The same goes for NOPD. The Vera Institute says it found officers issued summonses 61 percent of the time since last May for municipal cases (except for domestic violence and crimes committed under intoxication), and the percentage has increased every month. Vera anticipates the trend continuing with the new marijuana ordinance. Arrests take hours out of an officer's schedule, and, proponents say, more summonses will free up jail space — about 2,500 people are jailed each year in New Orleans for marijuana possession, according to Vera.
In 2007, the Metropolitan Crime Commission reported that more than half of arrests in Orleans Parish were for municipal or traffic violations. The Vera Institute says the ordinance (and the impact it will have on reducing the pretrial detention jail population) will help the city meet Mayor Mitch Landrieu's Criminal Justice Working Group's resolution to build a new jail with a 1,438 bed capacity — as opposed to Sheriff Marlin N. Gusman's recommendation for a facility more than three times that size. The Vera Institute stresses marijuana possession is a "victimless" crime — there is no civilian victim, Arrona says. (On Feb. 3, the city council and the Criminal Justice Working Group will meet to vote the future of the jail.)

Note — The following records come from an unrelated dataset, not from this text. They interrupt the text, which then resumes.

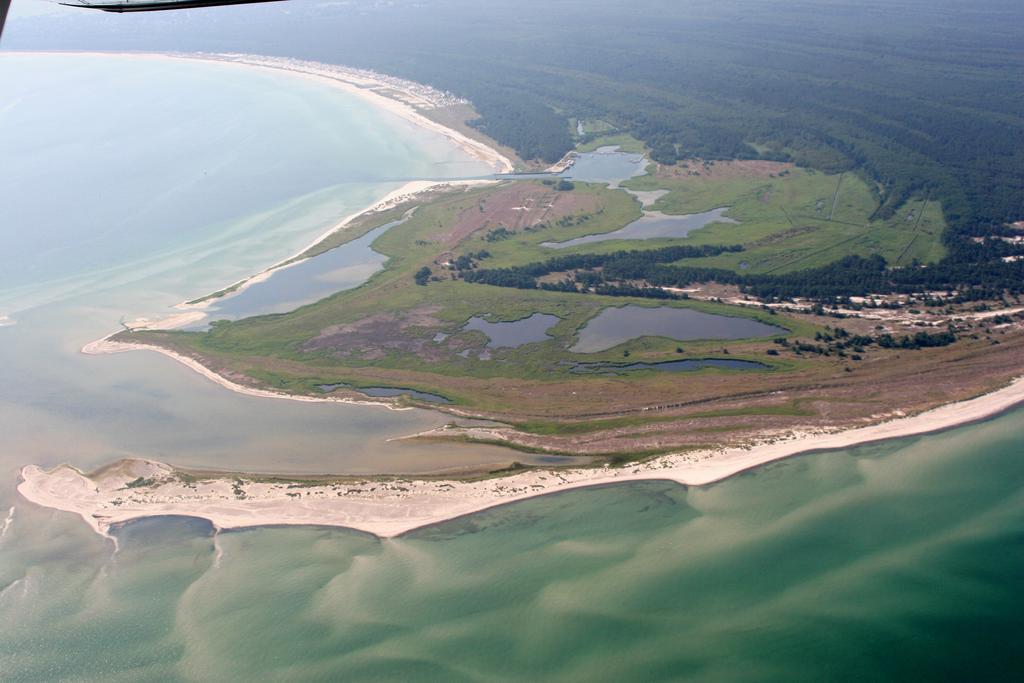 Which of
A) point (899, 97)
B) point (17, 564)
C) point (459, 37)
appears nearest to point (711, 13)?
point (459, 37)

But, again, the group says, the ordinance by no means decriminalizes possession, as has been done in California, where places like Berkeley and Mendocino County view stringent possession laws as unenforceable. The ordinance also is not as routine as a traffic ticket — as in Ann Arbor, Mich., where possession is neither a felony or misdemeanor. A person is simply issued a fine.
Brian Broom-Peltz, executive director of the recently formed NORML Tulane, a campus- and citywide chapter of the state's National Organization for the Reform of Marijuana Laws, says the group is encouraged by the council's ordinance, particularly for indigent offenders who can't support bail and would be otherwise stuck in jail. The group, however, continues to support an end to marijuana prohibition, and hopes the city, with this ordinance, moves in that direction.
"If the city could see the benefits of ending prohibition and the harms of maintaining policy, it would see a potential for growth," Broom-Peltz says.